Your task: With the pictures left out, write every entry down exactly.

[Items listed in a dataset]
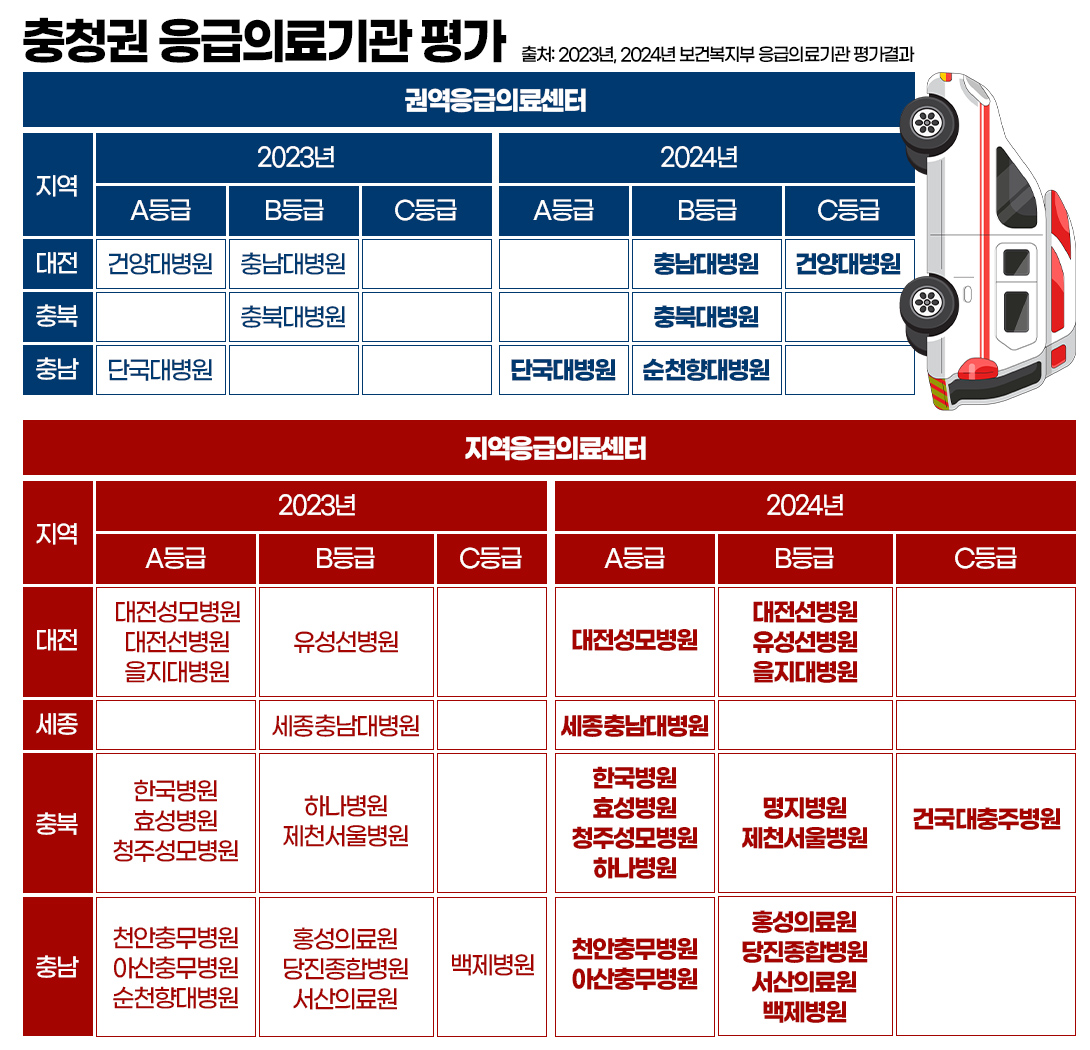 충청권 응급의료기관 평가. 그래픽=김연아 기자. 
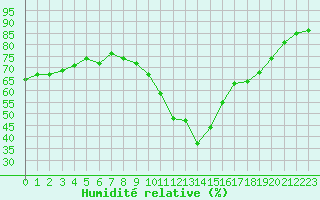 Courbe de l'humidit relative pour Les Pennes-Mirabeau (13)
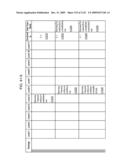 Managing Consistent Interfaces for Business Objects Across Heterogeneous Systems diagram and image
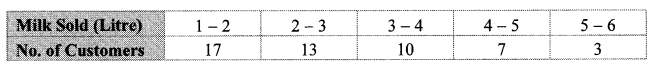 Maharashtra-Board-Class-10-Maths-Solutions-Chapter-6-Statistics-Practice-Set-6.1-5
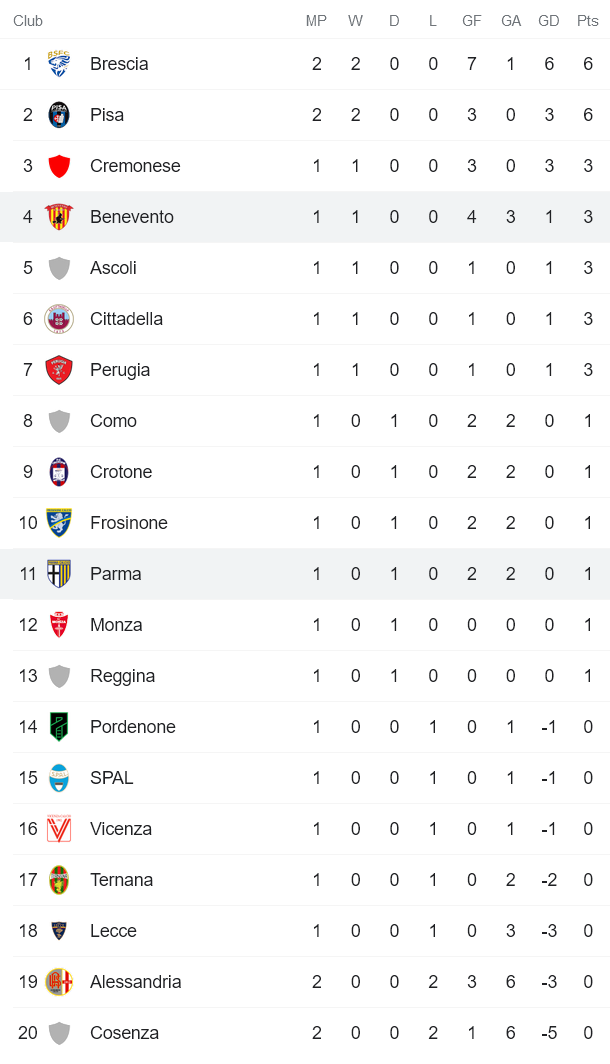 Soi kèo bóng đá Serie B đêm nay 29/8: Parma vs Benevento - Ảnh 1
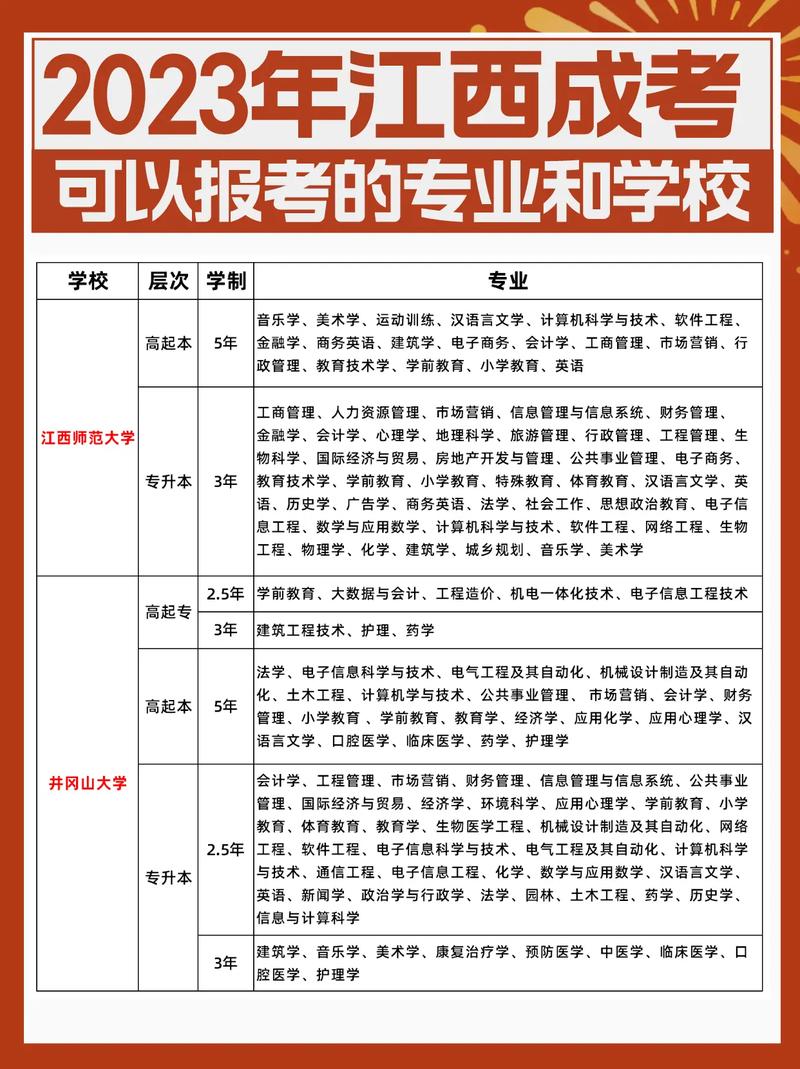 成人成人高考可以报哪些学校,成人高考可以报的学校有哪些(2024头条知乎已更新)-第3张图片-家教网 成人成人高考可以报哪些学校,成人高考可以报的学校有哪些(2024头条知乎已更新)-第3张图片-家教网
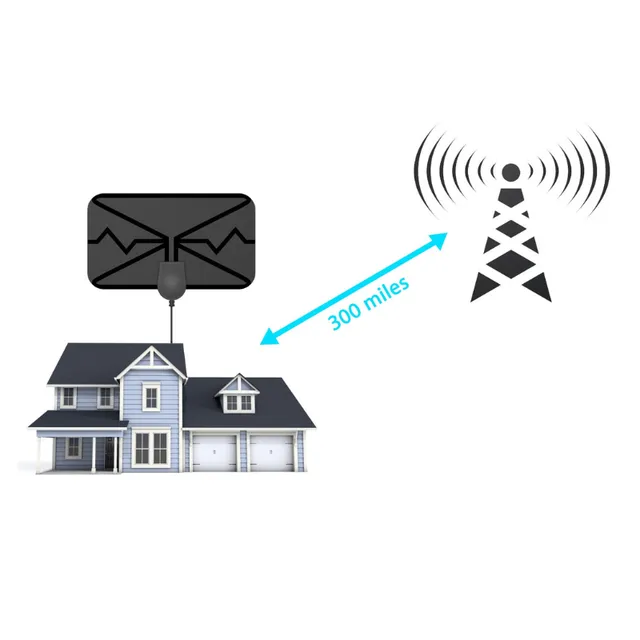 4K Intern Digital Antena TV cu receptor de semnal DVB-T2/ISDBT și amplificator 28dB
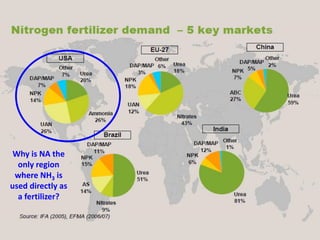 Why is NA the
  only region
 where NH3 is
used directly as
  a fertilizer?
 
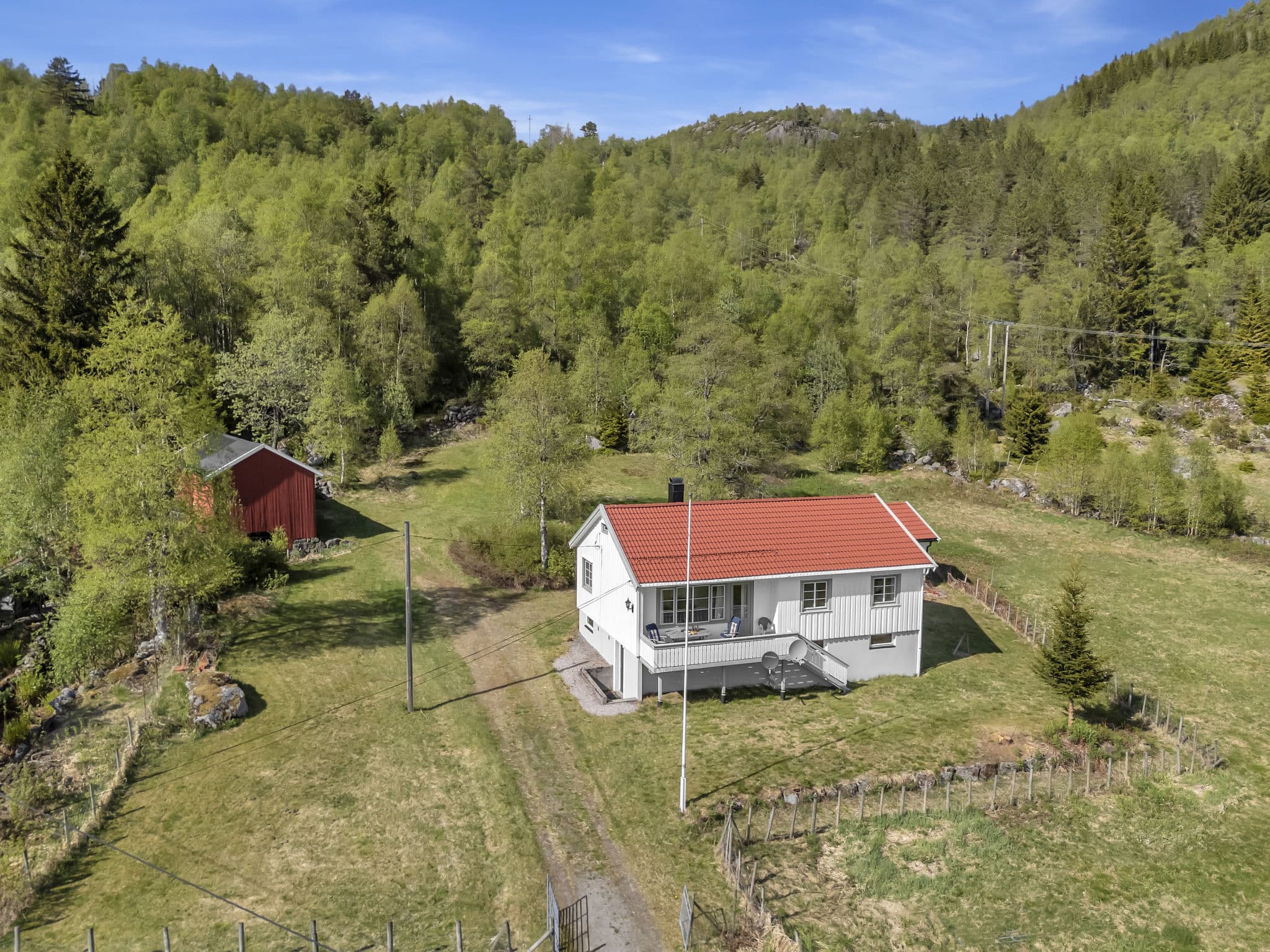 Aerial photography
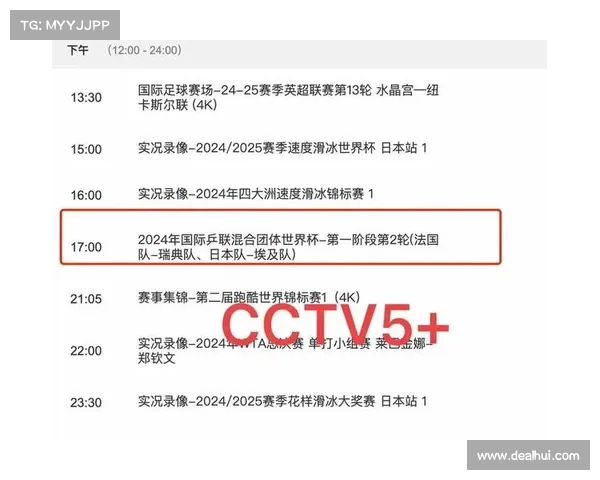 世界乒乓球顶级赛事直播巅峰对决实时呈现热血沸腾不容错过 世界乒乓球顶级赛事直播巅峰对决实时呈现热血沸腾不容错过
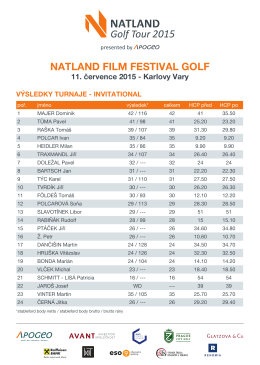 Výsledky NATLAND Film Festival Golf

Solution for this task:
 충청권 응급의료기관 평가. 그래픽=김연아 기자. 
 Courbe de l'humidit relative pour Les Pennes-Mirabeau (13)
 Managing Consistent Interfaces for Business Objects Across Heterogeneous Systems diagram and image
 Maharashtra-Board-Class-10-Maths-Solutions-Chapter-6-Statistics-Practice-Set-6.1-5
 Soi kèo bóng đá Serie B đêm nay 29/8: Parma vs Benevento - Ảnh 1
 成人成人高考可以报哪些学校,成人高考可以报的学校有哪些(2024头条知乎已更新)-第3张图片-家教网 成人成人高考可以报哪些学校,成人高考可以报的学校有哪些(2024头条知乎已更新)-第3张图片-家教网
 4K Intern Digital Antena TV cu receptor de semnal DVB-T2/ISDBT și amplificator 28dB
 Why is NA the
  only region
 where NH3 is
used directly as
  a fertilizer?
 
 Aerial photography
 世界乒乓球顶级赛事直播巅峰对决实时呈现热血沸腾不容错过 世界乒乓球顶级赛事直播巅峰对决实时呈现热血沸腾不容错过
 Výsledky NATLAND Film Festival Golf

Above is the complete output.